Nestes mesmos dias, os jornais trazem também outra notícia alvissareira da Europa. Em crise, as paróquias estão vendendo igrejas. A perda de clientela está levando padres e pastores europeus a comercializar prédios para fins residenciais. "Cada vez mais, o fenômeno da venda de igrejas vem ganhando força em vários países europeus diante da redução drástica de fiéis nos últimos dez anos nos templos". Se por um lado o maior número de vendas ocorre na Inglaterra, Escócia, Suíça e países escandinavos - redutos fundamentalmente protestantes ou luteranos - o fenômeno também se manifesta nas católicas Itália e Espanha.

Segundo o jornal The Times, mais de mil igrejas poderiam fechar ou ser vendidas nos próximos dez anos na Inglaterra. Sir Roy Strong, líder religioso de destaque, chegou a propor que pequenas igrejas dividam seus espaços com centros comunitários e mercados para agricultores. Em Kent, uma das igrejas da região já se transformou em um local de vendas de produtos naturais. Em Yorkshire Dale, a transformação de uma igreja em templo muçulmano gerou protestos, mas acabou sendo aprovada. Territórios sagrados estão passando a ser anunciados nos classificados de imóveis. Por outro lado, candidato é o que não falta para transformar um antigo templo em sua moradia. Há quem ache agradável morar em um local onde tantas pessoas viveram grandes momentos, como casamentos ou batizados.

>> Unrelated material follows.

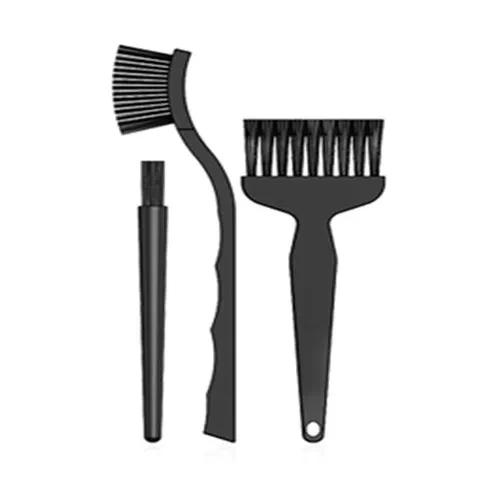 Multifunctional Dust cleaning set Computer keyboard case car air conditioning cleaning brush air duster and vacuum attachment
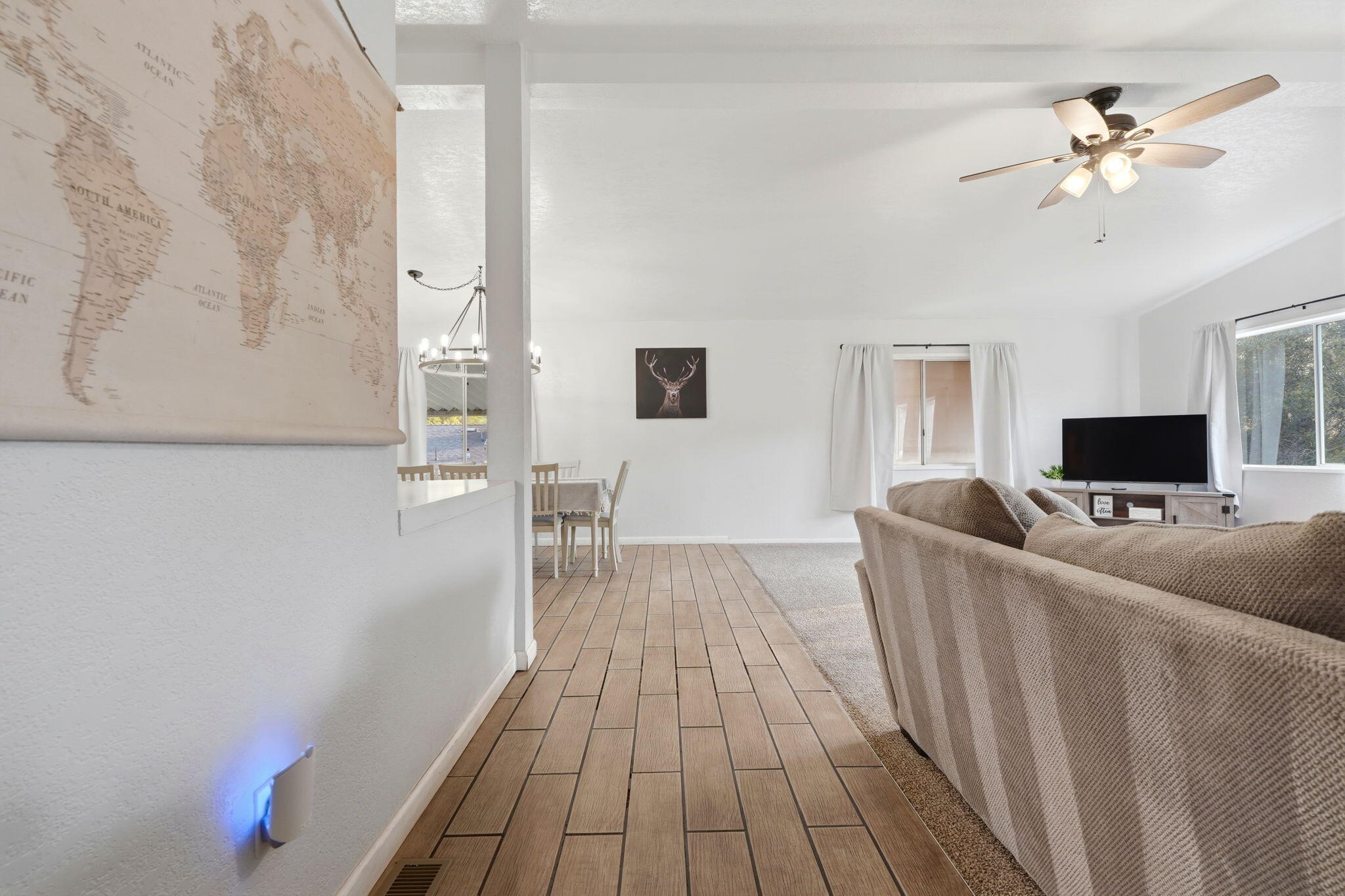 40709 Old Three Rivers Rd, Three Rivers, CA 93271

Os fatos confirmam uma minha antiga tese, a de que a Europa está se libertando aos poucos de dois grandes males da humanidade, o cristianismo e o tabagismo. Ao que tudo indica, estas tendências estão contaminando o Brasil. Já não são poucas as restrições ao cigarro nas capitais do país. Quanto à religião, quem o afirma é uma fonte insuspeita, Don Odilo Scherer, novo arcebispo metropolitano de São Paulo. Nestes dias em que o maior traficante internacional de drogas está por chegar com toda pompa a São Paulo, o príncipe da Igreja, preocupado com o que chama de "fuga silenciosa de católicos", disse a respeito da atual migração religiosa: "É um fenômeno que atinge não somente a igreja católica. A migração religiosa afeta a todos. Estamos nos debruçando sobre a compreensão desse fenômeno, que nos incomoda". Continuou ainda o purpurado: "A oferta é muita. Vivemos no Brasil o efeito da modernidade. As pessoas se assumem como autônomas e livres do ponto de vista religioso".

E depois ainda há quem diga que os jornais só trazem notícias ruins.